Secara epistemologi kita telah banyak disuport oleh teori mengenai sisi dalam ajaran Islam. Dalam kajian studi Islam dikenal bahwa ajaran Islam itu memiliki sisi eksoteris (luar/lahiriaj) dan sisi esoteris (dalam/inti/lubb-albâb). Pada kenyataan eksistensi hidup kita ada wujud jasadiyah/jasmaniyah dan ruhiyah.

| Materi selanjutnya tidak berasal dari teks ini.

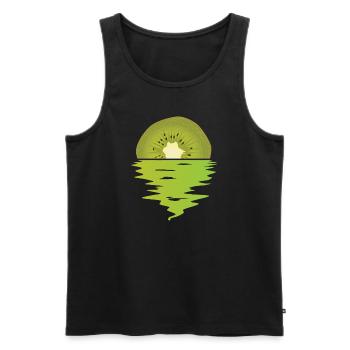 Kiwi Ocean - Männer Premium Bio Tank Top - Schwarz - Vorne - AI Model Male 178 light (178cm)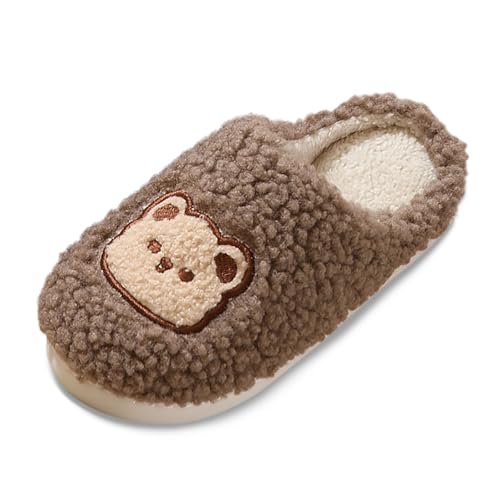 MODSGUE Hausschuhe Damen Plüsch Pantoffeln Bären Filzpantoffeln Niedliche Cartoon Einfarbig Hauspantoffeln Memory Foam Gästehausschuhe Basic Rutschfeste Gefüttert Warm Haushaltsschuhe von MODSGUE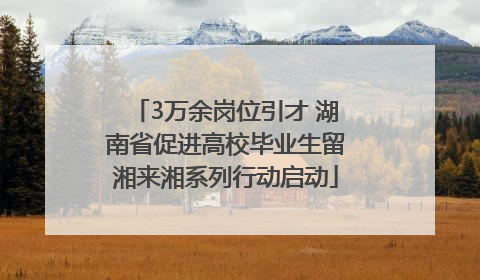 3万余岗位引才 湖南省促进高校毕业生留湘来湘系列行动启动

Di dalam kitab-kitab ‘ulûlu al-qurân dan ‘ulûmu al-tafsîr dimuat teori bahwa pada setiap teks ayat al-Quran itu memiliki sisi zhahir dan batin – likulli âyatin zhâhirun wa bâthinu. Dalam kajian dan pemahaman ibadah ada kita kenal istilah syariat dan hakikat. “al-syarî’atu bilâ haqîqatin ‘âthilah wa al-haqîqatu bilâ syarî’atin bâthilah – syariat tanpa hakikat sia-sia, dan hakikat tanpa syariat batal. Hakikat ini maksud kinerja hati menuju Tuhannya.

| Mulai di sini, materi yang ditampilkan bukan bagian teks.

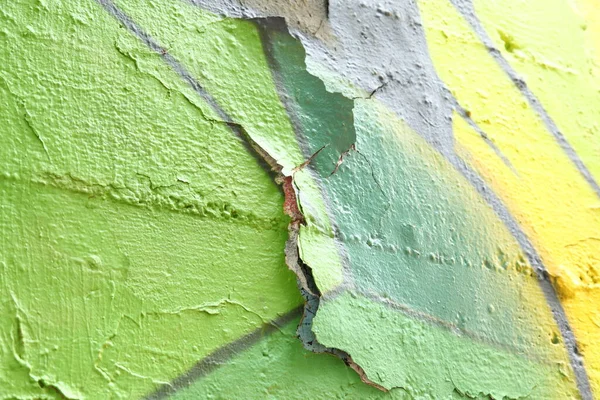 Alte Zerstörte Mauer Mit Farbschicht — Stockfoto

Hakikat ini dalam shalat disebut khusyû’. Khusyû’ artinya irtikázu al-bashari – pemusatan pandangan hati. Dalam hal shalat kita harus tahu ke mana hati dipusatkan yang namanya memusat harus ada satu titik sebagai tujuan pemusatan hati.

Itu sebabnya dalam niat shalat ada ikrar “mustaqbila al-qiblati”. Yang berkiblat harusnya pandangan hati bukan pandangan mata. Itulah khusyu’ dan itulah bentuk hakikat dalam shalat.


Sisi Dalam Puasa
Puasa diungkap dalam Alquran dengan kata "shiyâm atau shaum”. Dalam kitab Munjid dan beberapa kamus bahasa Arab, shiyâm diparalelkan dengan kata “imsâk” yang jika diterjemahkan berarti menahan.

Jika dikonversri dengan fakta harian sebutan imsâk biasanya tertulis sebagai batas boleh makan, minum, senggama, dan lainnya yang waktunya sebelum waktu subuh, disebutlah waktu imsak.

Maka, puasa dalam makna imsâk ini memunculkan definisi “puasa adalah menahan diri untuk tidak makan, minum, bersenggama, dan menahan dari segala sesuatu yang membatalkan puasa.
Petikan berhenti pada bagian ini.